To encourage exhibitors to provide lists, some show organizers have created special programs, tracked exhibitors' coded attendance registrations, and provided special rewards for exhibitors that generate the most attendance.
Using promotional products
While direct-mail programs have proved effective in attracting target attendees and are simple to create and use, exhibitors have also successfully used promotional products in their pre-show, at-show, and post-show promotions. Exhibitor Magazine--published by the Trade Show Bureau--and Promotional Products Association International, Irving, Texas, have published a number of case histories on how individual organizations have used promotional products to attract key prospects to their booth, with response rates ranging from 50 to 100 percent. Whether it is a promotional product sent in advance, the promise of a gift on site, or a combination of both, the results pay off in booth traffic.

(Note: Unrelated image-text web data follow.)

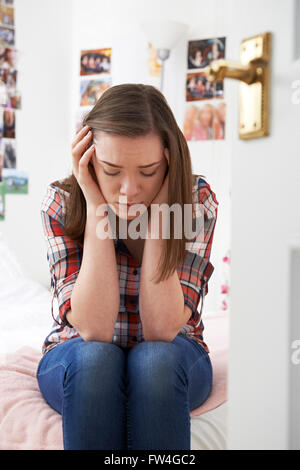 Depressive Teenager-Mädchen sitzen im Schlafzimmer Stockfoto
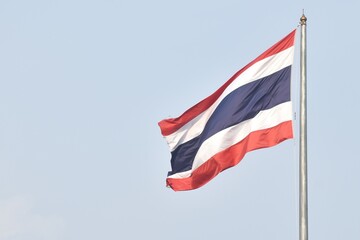 tree colors national Thailand flag red mean nation with white mean religon and blue mean majesty king flowing from wind blow on pole in sky background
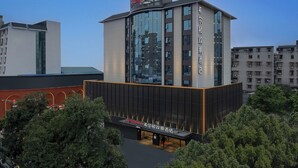 Un hotel moderno con un letrero llamativo, grandes ventanales y techo plano.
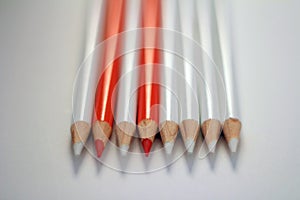 Two orange pencils between white pencils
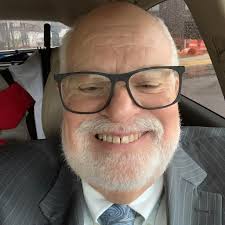 Malik J. Tuma, Co-Owner & Associate Broker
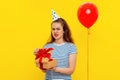 Unhappy confused young woman wears party cone and striped t shirt, opens gift box, feels embarrassed and offended has bad mood Royalty Free Stock Photo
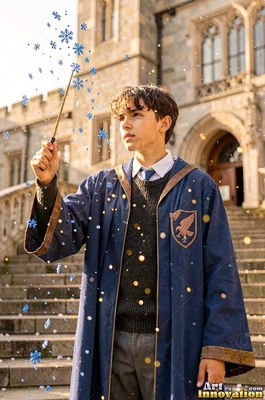 Standing on stone steps, a young man raises a wand in a blue robe outside a castle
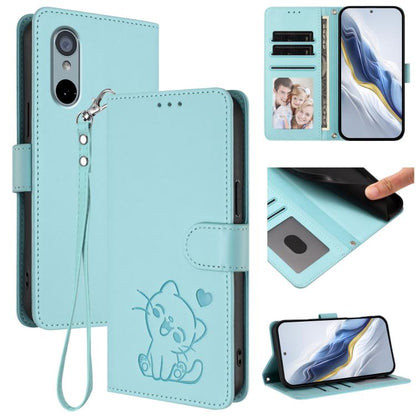 Light blue leather-style phone case with embossed cat-and-heart design and wrist strap
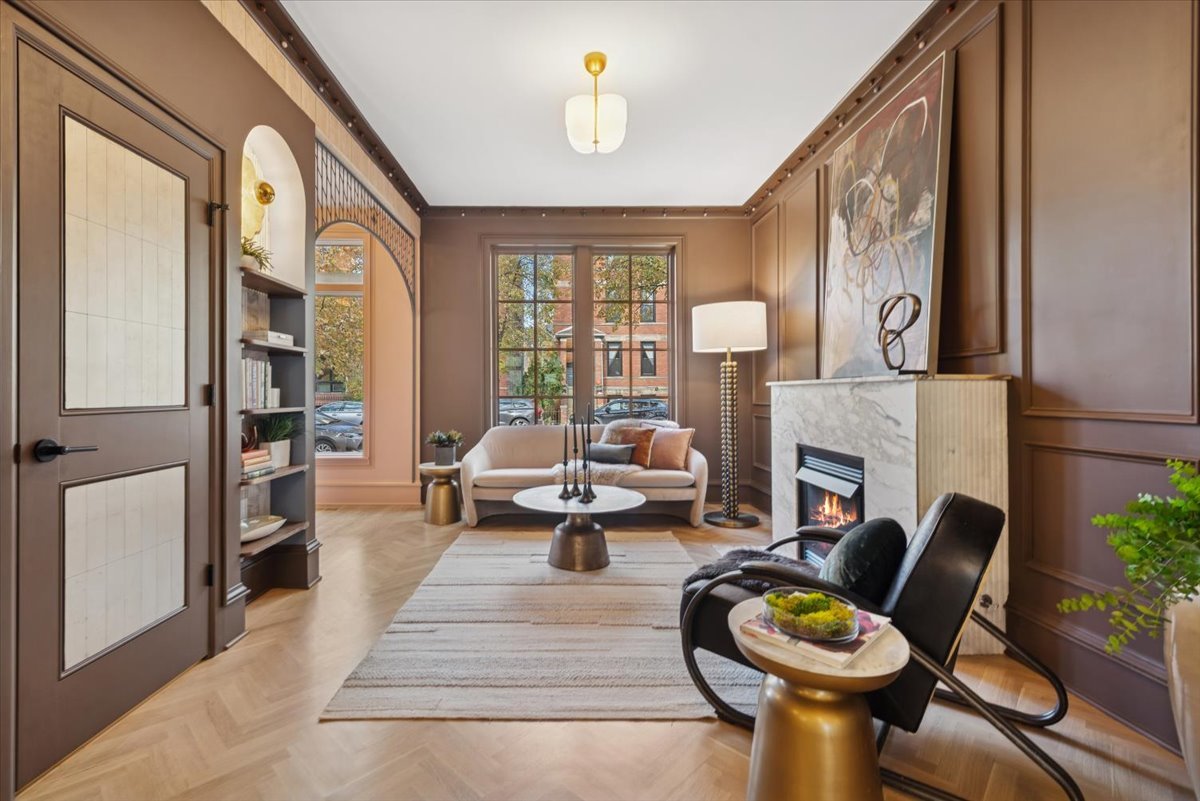 2337 West Belden Avenue Chicago, IL 60647 - Photo 22 of 53 a living room with furniture and a fireplace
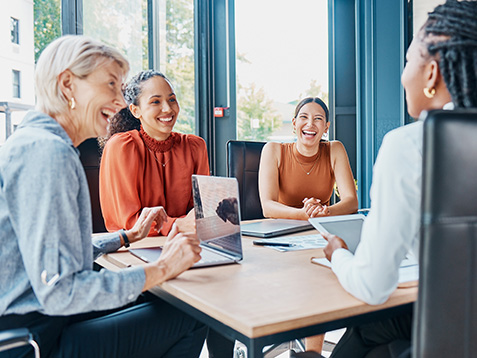 Laughing, planning business and women in a meeting for strategy, teamwork and a workforce team. Happy, office and diversity with people at work for a corporate collaboration and coworking together.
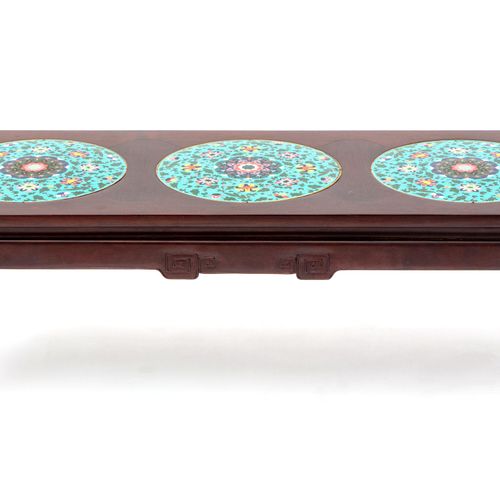 A Chinese carved hardwood and cloisonné low table 一张中国硬木雕刻和景泰蓝矮桌，20世纪，长方形的模具顶部有三&hellip;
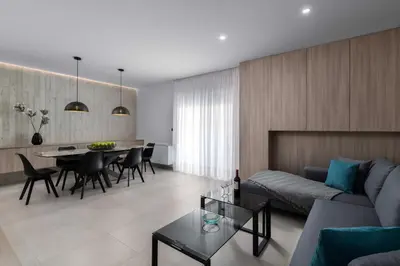 a living room with a couch and a table at Kallia Sea Breeze - 3 Bedroom Apartment in Rhodes Town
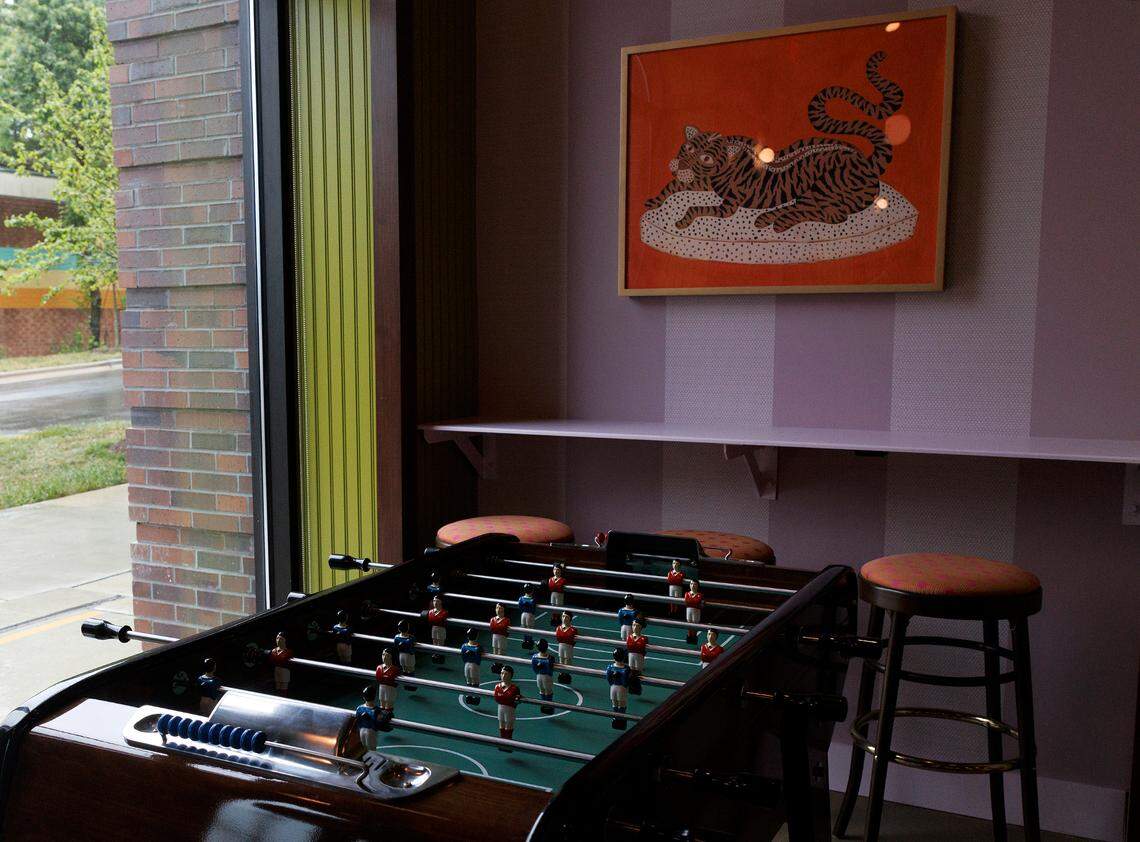 Jaguar Bolera, an “eatertainment” venue in Raleigh Iron Works, features foosball, duckpin bowling, darts and karaoke.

Associations can inform their exhibitors about the benefits of properly used promotional programs, and can help them identify and design programs that will increase show traffic. There are innumerable creative ways promotional products can be used to attract a prospect. In addition to simply sending a gift, exhibitors can:
* send pictures of the promotional gift that can be picked up at the booth;
* mail one part of a gift with the other part to be picked up at the show; and
* invite attendees to a product demonstration and offer the gift as a reward for showing up.
A properly structured and executed program that is identified with the exhibitor's product or service can be extremely rewarding. (See sidebar, "Testing the Effectiveness of Promotional Products.")
A classic example of the successful use of a promotional product in generating traffic is Ciba-Geigy's "teddy bear" promotion. Before the annual meeting of the American Academy of Family Physicians, Kansas City, Missouri, Ciba-Geigy mailed 5,000 invitations to doctors throughout the country, announcing the introduction of a new angina drug and inviting the recipient to the Ciba-Geigy Booth for a product demonstration.
As an incentive, the physicians were offered a card that could be validated and exchanged for a Ciba-Geigy teddy bear. The result: More than 96 percent of those who received the invitation, or 4,896 physicians, remembered to bring their invitation and validation card to the Ciba-Geigy booth for a product demonstration and a free teddy bear. This is one of many examples showing how exhibitors can ensure success of their show participation and at the same time boost overall show attendance.
Putting findings to work
The sidebar "Testing the Effectiveness of Promotional Products" provides a road map for designing show promotions by exhibitors. If even a relatively small number of exhibitors attract additional prospects to the show--prospects who might otherwise have not attended--overall show traffic will swell substantially.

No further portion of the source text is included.